Recorded information
+++++
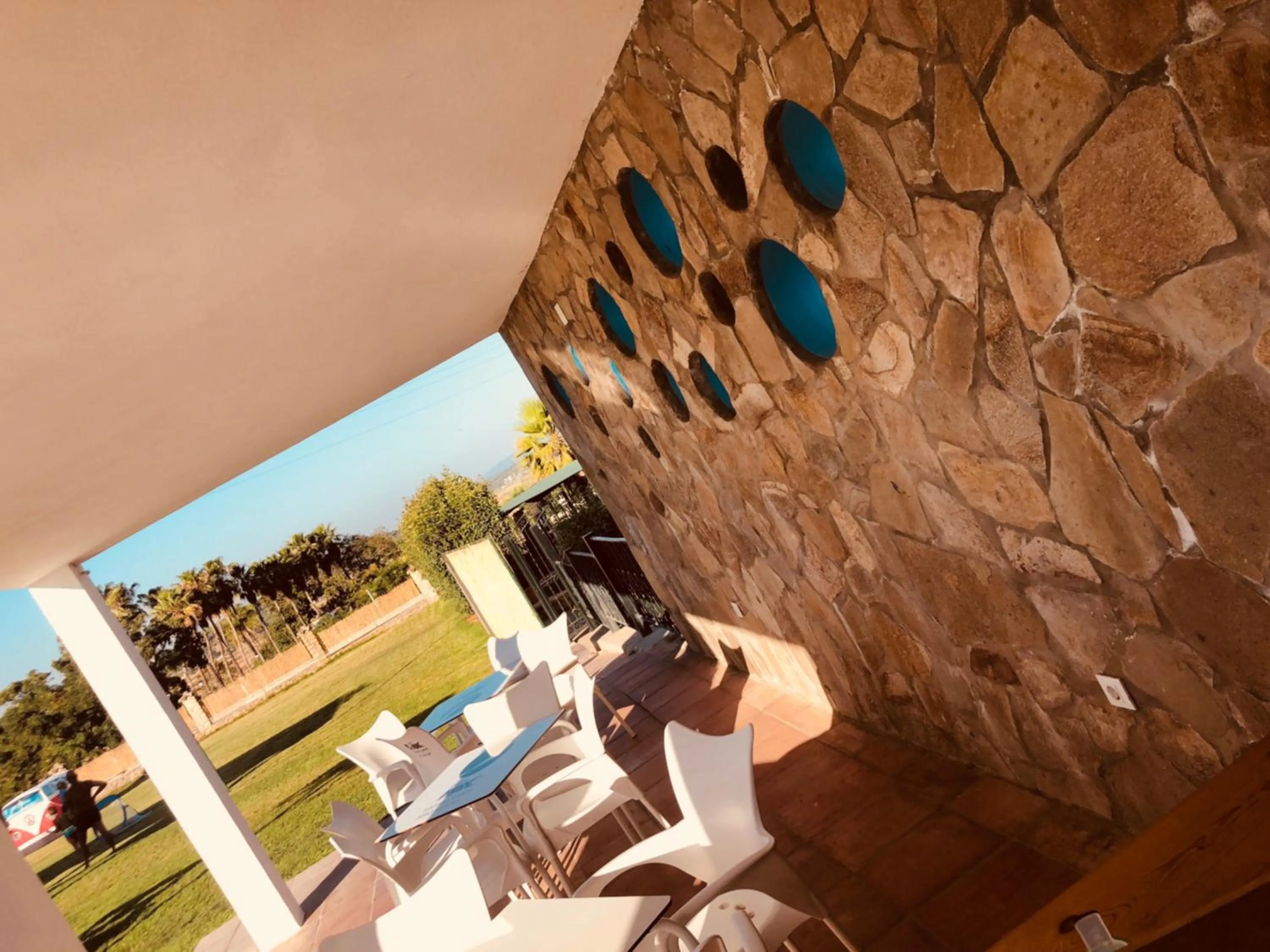 Lounge or bar in Hotel Nómadas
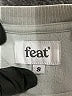 feat Silver Sweatshirt Size S - photo 7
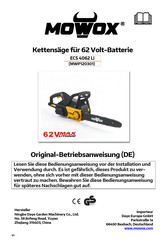 Mowox MWP120301 Operating Instructions Manual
+++++
Exercise requirements
Give the listing again word for word, without its images.

Expected output
 Lounge or bar in Hotel Nómadas
 feat Silver Sweatshirt Size S - photo 7
 Mowox MWP120301 Operating Instructions Manual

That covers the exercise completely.